Nach dem Tode von Kurfürst Friedrich August II. im Jahre 1763 wurden
die Verträge mit dem Künstlerehepaar wegen akuten Geldmangels nicht
mehr erneuert. Daraufhin verlegten die Hasse-Bordonis ihre Wohnsitz
zunächst nach Wien, dann 1773 nach Venedig, wo der weltberühmte
Komponist 1783, zwei Jahre nach seiner Gemahlin, am 16. Dezember
verstarb.
Hasse hinterließ 56 Opere serie, wovon 32 auf Texte von Pietro Metastasio, komponiert wurden. Außerdem hat
er 13 Intermezzi für Opern geschrieben. Ferner gibt es 11 Oratorien,
Messen, Requiem, Psalmen, Motetten, Hymnen und Litaneien, von denen
viele nur als Handschriften erhalten sind. Aus seiner Feder stammen
aber auch Flöten-, Violin- und Hornkonzerte (mit Orchester),
außerdem Solosonaten, Trio- und Cembalosonaten sowie
Gelegenheitskompositionen, wie beispielsweise die Trauer-Musik zum
Tode des Kurfürsten Friedrich August II. Man kann aber, ohne zu
übertreiben, behaupten, dass Hasses ganzes Schaffen von der Oper
beeinflusst war, dass sie wegen der Veränderungen des Musikstils sich aber auch schnell überlebt hatte.
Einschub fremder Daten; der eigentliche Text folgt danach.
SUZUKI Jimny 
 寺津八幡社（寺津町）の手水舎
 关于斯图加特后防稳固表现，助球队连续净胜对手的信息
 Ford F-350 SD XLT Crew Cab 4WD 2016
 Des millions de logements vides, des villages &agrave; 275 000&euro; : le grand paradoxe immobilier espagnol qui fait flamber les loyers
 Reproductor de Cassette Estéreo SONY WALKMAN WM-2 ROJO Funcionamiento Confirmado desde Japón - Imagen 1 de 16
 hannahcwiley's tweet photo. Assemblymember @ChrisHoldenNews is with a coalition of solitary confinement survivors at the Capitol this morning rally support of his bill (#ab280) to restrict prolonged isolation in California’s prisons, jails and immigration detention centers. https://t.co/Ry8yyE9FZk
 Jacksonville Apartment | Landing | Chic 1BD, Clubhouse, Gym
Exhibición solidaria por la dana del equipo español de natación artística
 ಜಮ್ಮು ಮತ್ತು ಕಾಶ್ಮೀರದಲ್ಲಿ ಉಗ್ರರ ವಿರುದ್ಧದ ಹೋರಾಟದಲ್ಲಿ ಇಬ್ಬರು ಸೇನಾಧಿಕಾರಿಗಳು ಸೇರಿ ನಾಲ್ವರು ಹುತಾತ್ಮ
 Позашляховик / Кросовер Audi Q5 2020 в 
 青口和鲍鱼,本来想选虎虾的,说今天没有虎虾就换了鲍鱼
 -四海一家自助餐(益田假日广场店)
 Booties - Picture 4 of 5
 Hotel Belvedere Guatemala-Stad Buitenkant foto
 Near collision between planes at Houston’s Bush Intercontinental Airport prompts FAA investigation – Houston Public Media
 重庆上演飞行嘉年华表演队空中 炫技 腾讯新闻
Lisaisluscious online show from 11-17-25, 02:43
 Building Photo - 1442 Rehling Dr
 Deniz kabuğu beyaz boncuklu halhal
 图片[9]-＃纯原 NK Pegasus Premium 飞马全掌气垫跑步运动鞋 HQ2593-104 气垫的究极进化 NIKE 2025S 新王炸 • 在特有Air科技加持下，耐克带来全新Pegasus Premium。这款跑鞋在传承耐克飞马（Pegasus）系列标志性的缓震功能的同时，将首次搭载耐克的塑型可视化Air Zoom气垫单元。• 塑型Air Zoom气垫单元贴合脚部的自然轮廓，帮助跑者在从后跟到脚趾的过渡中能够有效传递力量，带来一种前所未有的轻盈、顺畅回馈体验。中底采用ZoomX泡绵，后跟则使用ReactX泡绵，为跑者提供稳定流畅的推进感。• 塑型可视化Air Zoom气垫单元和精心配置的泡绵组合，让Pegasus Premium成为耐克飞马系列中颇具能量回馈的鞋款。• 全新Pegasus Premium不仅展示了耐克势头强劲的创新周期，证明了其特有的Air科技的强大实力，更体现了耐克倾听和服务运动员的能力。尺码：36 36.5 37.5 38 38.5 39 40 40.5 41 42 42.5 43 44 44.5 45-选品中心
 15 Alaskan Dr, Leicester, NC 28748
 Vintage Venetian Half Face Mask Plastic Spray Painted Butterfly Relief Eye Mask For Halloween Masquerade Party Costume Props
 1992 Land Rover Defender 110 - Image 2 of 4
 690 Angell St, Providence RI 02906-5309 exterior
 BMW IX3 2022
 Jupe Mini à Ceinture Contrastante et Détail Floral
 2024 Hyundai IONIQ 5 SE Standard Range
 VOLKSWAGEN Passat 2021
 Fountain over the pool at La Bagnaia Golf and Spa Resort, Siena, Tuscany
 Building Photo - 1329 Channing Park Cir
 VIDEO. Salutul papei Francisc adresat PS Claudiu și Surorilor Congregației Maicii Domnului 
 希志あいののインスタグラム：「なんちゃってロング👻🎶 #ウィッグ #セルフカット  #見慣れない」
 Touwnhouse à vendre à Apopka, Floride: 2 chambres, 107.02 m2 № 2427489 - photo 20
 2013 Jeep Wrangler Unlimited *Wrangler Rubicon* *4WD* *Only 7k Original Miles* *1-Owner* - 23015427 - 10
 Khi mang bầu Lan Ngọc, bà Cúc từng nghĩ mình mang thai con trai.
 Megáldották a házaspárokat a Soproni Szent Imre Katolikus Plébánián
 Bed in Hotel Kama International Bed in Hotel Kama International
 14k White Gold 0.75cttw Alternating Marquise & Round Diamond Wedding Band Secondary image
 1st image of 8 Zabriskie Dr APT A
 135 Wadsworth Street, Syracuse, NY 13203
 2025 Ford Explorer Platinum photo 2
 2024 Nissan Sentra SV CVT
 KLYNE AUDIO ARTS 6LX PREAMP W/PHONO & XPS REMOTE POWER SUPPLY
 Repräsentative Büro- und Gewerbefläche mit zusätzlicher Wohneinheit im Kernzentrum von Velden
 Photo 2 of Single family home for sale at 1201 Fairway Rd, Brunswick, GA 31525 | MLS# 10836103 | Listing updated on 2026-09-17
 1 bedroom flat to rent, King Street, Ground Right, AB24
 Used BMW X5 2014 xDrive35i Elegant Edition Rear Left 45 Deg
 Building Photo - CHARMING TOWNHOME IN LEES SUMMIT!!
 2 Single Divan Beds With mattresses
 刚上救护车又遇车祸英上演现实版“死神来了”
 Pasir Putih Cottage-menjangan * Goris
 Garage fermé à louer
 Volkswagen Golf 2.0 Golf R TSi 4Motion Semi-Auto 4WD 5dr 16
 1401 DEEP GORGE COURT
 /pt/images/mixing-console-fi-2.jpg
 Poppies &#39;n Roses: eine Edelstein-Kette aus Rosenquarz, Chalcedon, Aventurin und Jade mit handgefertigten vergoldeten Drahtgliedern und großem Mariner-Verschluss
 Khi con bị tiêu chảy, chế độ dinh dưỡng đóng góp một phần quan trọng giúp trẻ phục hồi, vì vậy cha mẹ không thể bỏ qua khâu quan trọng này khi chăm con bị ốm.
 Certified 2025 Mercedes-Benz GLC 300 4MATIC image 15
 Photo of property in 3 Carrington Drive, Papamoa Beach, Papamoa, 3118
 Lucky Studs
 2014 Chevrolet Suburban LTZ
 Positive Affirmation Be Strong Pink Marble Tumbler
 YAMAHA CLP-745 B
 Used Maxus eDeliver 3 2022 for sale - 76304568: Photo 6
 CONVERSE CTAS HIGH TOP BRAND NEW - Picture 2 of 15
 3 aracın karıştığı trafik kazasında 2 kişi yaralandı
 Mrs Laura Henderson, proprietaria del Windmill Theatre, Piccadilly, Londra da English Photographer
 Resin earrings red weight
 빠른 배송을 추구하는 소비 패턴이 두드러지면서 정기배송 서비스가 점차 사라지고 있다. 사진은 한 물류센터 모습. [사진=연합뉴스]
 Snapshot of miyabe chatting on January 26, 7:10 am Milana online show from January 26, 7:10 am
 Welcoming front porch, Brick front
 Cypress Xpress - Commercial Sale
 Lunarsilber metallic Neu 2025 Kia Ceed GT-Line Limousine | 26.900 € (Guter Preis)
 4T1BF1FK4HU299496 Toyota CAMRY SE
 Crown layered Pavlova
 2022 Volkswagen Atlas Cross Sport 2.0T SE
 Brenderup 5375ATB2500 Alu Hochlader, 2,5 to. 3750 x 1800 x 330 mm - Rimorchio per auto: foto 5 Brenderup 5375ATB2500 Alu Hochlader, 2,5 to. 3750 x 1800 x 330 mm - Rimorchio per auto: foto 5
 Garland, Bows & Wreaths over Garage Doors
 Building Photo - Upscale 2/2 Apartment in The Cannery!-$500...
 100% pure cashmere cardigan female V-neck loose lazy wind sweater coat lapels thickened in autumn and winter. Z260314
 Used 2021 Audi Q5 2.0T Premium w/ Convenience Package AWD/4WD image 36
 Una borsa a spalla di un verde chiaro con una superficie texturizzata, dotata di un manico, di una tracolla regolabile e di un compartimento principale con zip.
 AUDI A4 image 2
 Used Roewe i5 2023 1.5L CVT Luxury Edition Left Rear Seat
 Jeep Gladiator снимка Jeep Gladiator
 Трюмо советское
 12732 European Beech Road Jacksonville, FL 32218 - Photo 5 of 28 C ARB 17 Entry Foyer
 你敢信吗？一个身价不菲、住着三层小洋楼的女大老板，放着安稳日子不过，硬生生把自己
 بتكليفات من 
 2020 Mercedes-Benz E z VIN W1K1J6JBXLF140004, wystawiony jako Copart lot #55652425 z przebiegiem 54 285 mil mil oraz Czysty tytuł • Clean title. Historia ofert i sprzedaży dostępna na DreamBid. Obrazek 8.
Abschließend sei noch ein Wort zum italienischen Dichter Pietro
Metastasio (1698-1782) verloren: der gebürtige Römer zählt, im
Grunde bis heute, zu den bedeutendsten Opern-Librettisten. Seine
Werke wurden von zahlreichen Komponisten nicht nur immer wieder
vertont, sie wurden auch oft als Schauspiel ohne Musik aufgeführt.
Metastasio ging vom französischen Klassizismus aus, ohne sich starr
dran zu halten. Die Sprache ist gefeilt formuliert, die Handlungen
spitzen sich zwar dramatisch zu, die Konflikte lösen sich aber durch
die wachsende Einsicht der Handelnden. Diese Vorgehensweise entsprach
der optischen Lebensauffassung des Rokoko, war vielleicht unernst,
begeisterte aber seinerzeit das Publikum. Daher war eine Oper mit
einem Libretto von dem Literaten von vornherein ein Erfolg sicher.
In
der deutschsprachigen Wikipedia kann man eine Auflistung der Werke
Metastasios finden, sogar mit Angaben der Vertonungen.